Information shown:
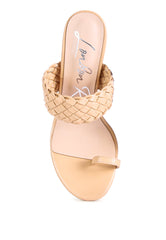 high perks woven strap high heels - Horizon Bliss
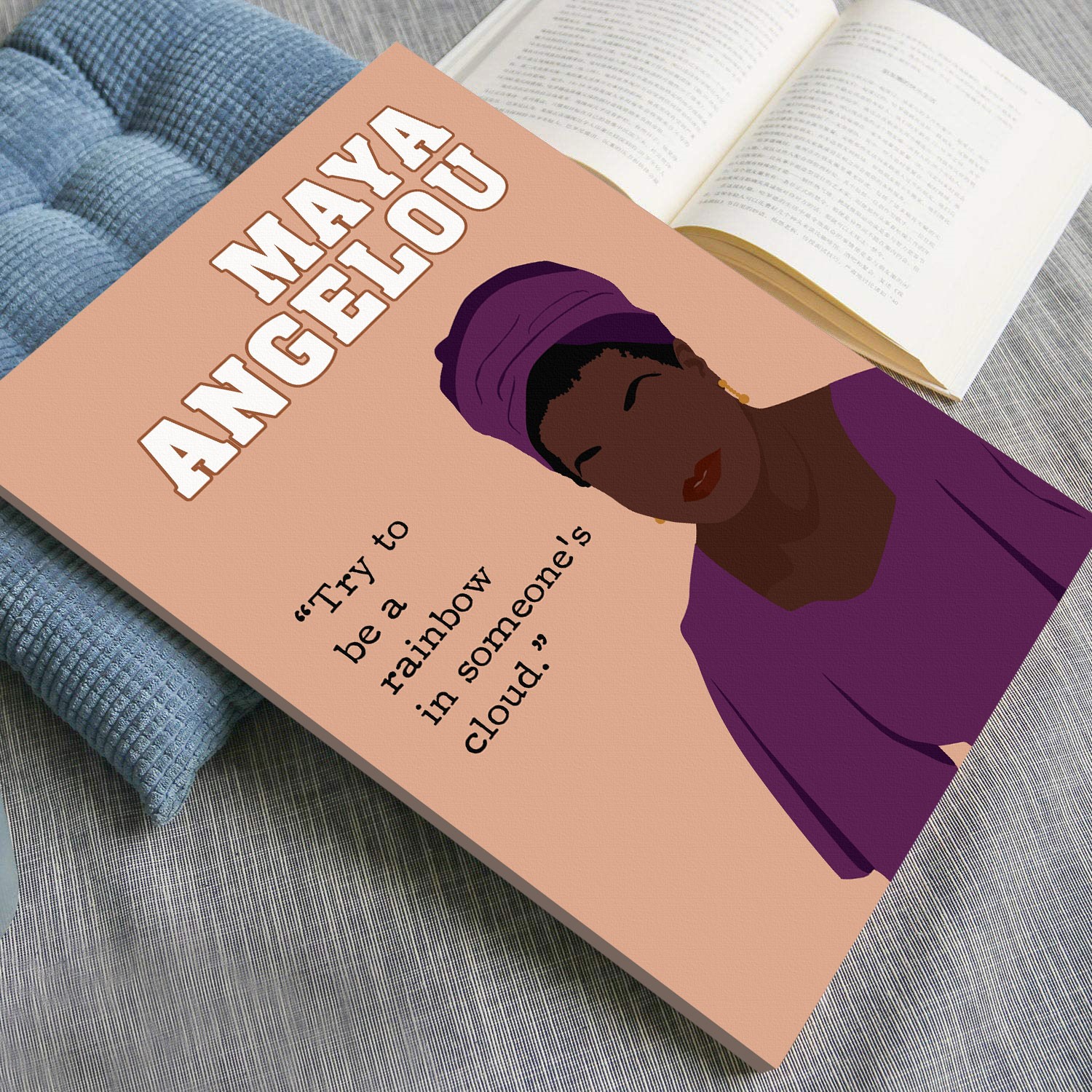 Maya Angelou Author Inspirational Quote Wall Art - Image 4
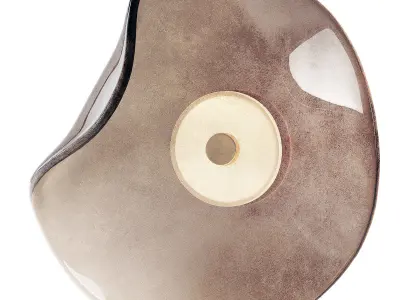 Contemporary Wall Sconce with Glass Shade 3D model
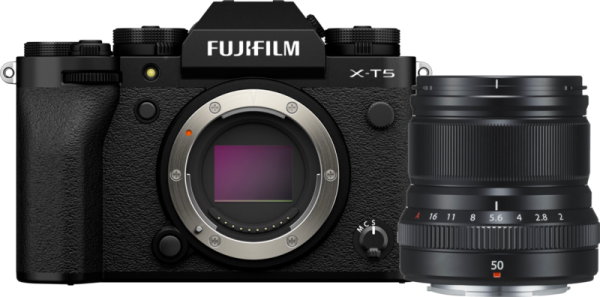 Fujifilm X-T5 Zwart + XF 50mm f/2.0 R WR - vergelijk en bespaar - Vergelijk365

Task goal: Line by line, restate the data above exactly as it stands, minus the pictures.

Response:
 high perks woven strap high heels - Horizon Bliss
 Maya Angelou Author Inspirational Quote Wall Art - Image 4
 Contemporary Wall Sconce with Glass Shade 3D model
 Fujifilm X-T5 Zwart + XF 50mm f/2.0 R WR - vergelijk en bespaar - Vergelijk365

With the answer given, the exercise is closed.